Someone asked me: “my accountant suggested that I pay my wife as an independent contractor to save taxes. Is this a good idea?” Yet another litmus test to see if your accountant or financial advisor knows what they’re talking about.
Long story made short: usually if your practice has a 401K, pay your spouse as an employee $21,000; if your practice has a simple IRA, $14,532; if a DB plan it depends; SEP IRA or no practice retirement plan: zero.
Line of reasoning: if you don’t have a retirement plan, it’s either a wash or you could actually LOSE money by paying a spouse. Why? Any deduction your business from paying your spouse- is taxable to your spouse, at the EXACT same tax rate, unless you’re married filing seperately. So if you’re filing jointly, unless you have a retirement plan, it’s a wash, perhaps even a loss.
You wouldn’t want to file married filing separately just for this as more of your income would be taxed at higher brackets faster, negating any money your spouse would save being taxed at lower brackets.
Why could it be a loss? Because of FICA (social security) and medicare taxes. If you’re a sole proprietor, you pay FICA and medicare taxes of 15.2% on the first $142,800 for 2021. Most of us will be earning over that. So assuming your wage is over $142K, any income you shift over to your spouse is subject to an additional 15.2% FICA/ medicare tax on your spouse.
If your business has to pay workmans comp and unemployment insurance tax on your spouse salary, it could make even less sense to pay your spouse. Admittedly workmans comp will be very little, but if your practice has many unemployment claims and a high tax rate this could add up.

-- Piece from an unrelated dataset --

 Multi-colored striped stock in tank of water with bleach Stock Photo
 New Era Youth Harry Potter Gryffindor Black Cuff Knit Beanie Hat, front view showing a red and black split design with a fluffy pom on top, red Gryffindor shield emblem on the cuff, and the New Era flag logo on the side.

If your spouse earned over $142,800 from another job, then when your company issues wages, you’re still required to withhold the 7.6% EMPLOYER portion of the tax. So by shifting income from you to your spouse you’re losing between 7.6-15.2% percent.
What about giving your spouse some earnings for a traditional/ backdoor Roth IRA? You can do a spousal IRA from your earnings. No need to shift income to your spouse for this.
What about trying to maximize social security? First of all, your spouse will get spousal benefits based off your earnings, up to 50%. Secondly, social security is a regressive tax. You definitely don’t want to pay your spouse $142,000 to max it out. That’s a extra $22,000 in FICA taxes every year for minimal future benefits. You’d be better off investing the $22,000 now in a post tax account and paying capital gains.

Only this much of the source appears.